Transcribe, starting at the line with "Protesters look at" and ending at the line with "A woman modeling", every line of the material below exactly, but leave out the pictures and anything outside that span.

- GIVEN ENTRIES -
Content starts

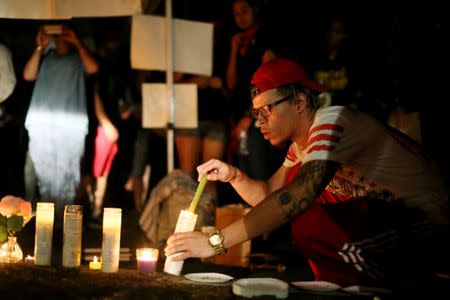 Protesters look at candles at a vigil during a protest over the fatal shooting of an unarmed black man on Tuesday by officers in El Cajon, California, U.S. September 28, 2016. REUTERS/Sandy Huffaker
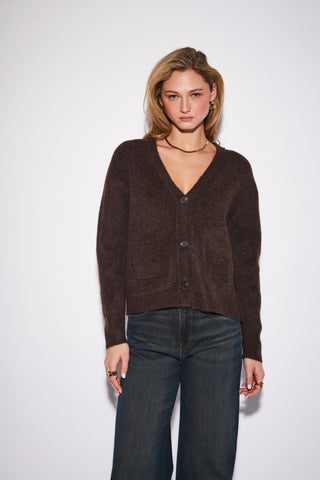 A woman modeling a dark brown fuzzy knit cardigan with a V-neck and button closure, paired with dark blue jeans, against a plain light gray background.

Content ends
Content starts

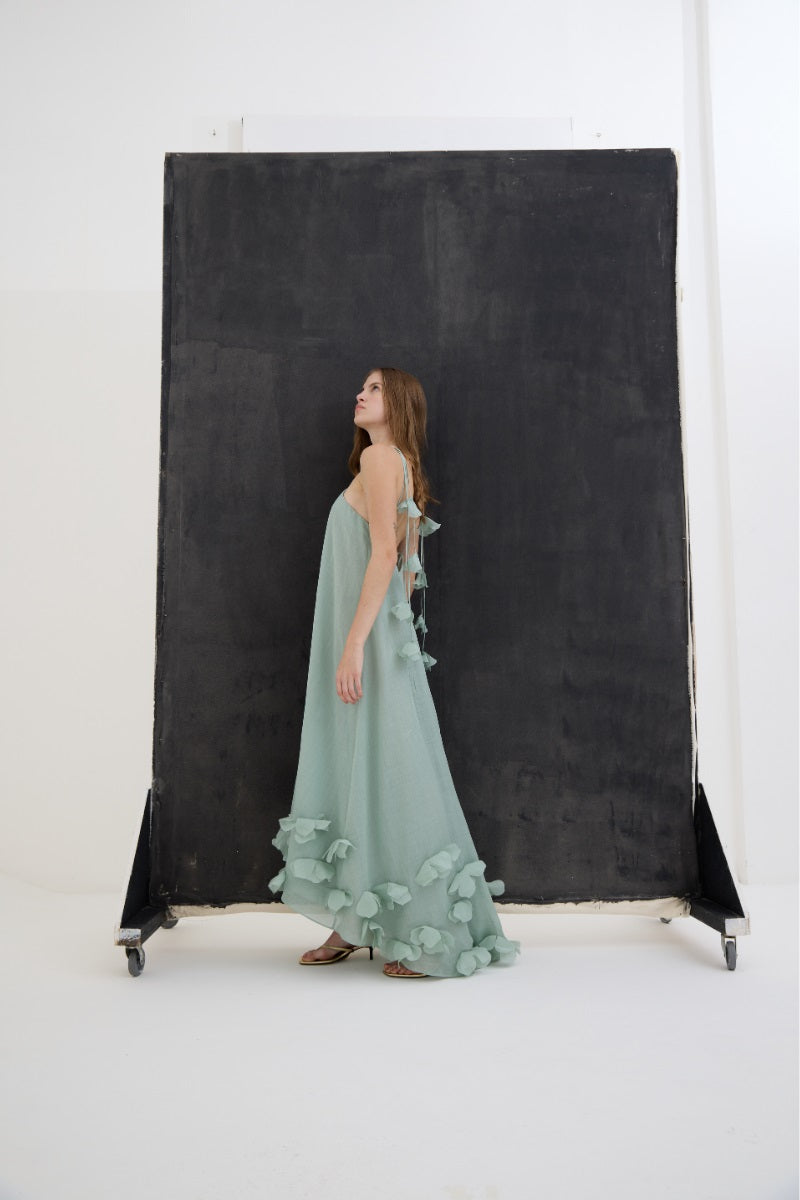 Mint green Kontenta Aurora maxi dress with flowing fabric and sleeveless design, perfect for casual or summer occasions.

Content ends
Content starts

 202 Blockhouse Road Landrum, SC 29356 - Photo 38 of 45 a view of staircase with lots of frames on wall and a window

Content ends

- ANSWER SECTION -
 Protesters look at candles at a vigil during a protest over the fatal shooting of an unarmed black man on Tuesday by officers in El Cajon, California, U.S. September 28, 2016. REUTERS/Sandy Huffaker
 A woman modeling a dark brown fuzzy knit cardigan with a V-neck and button closure, paired with dark blue jeans, against a plain light gray background.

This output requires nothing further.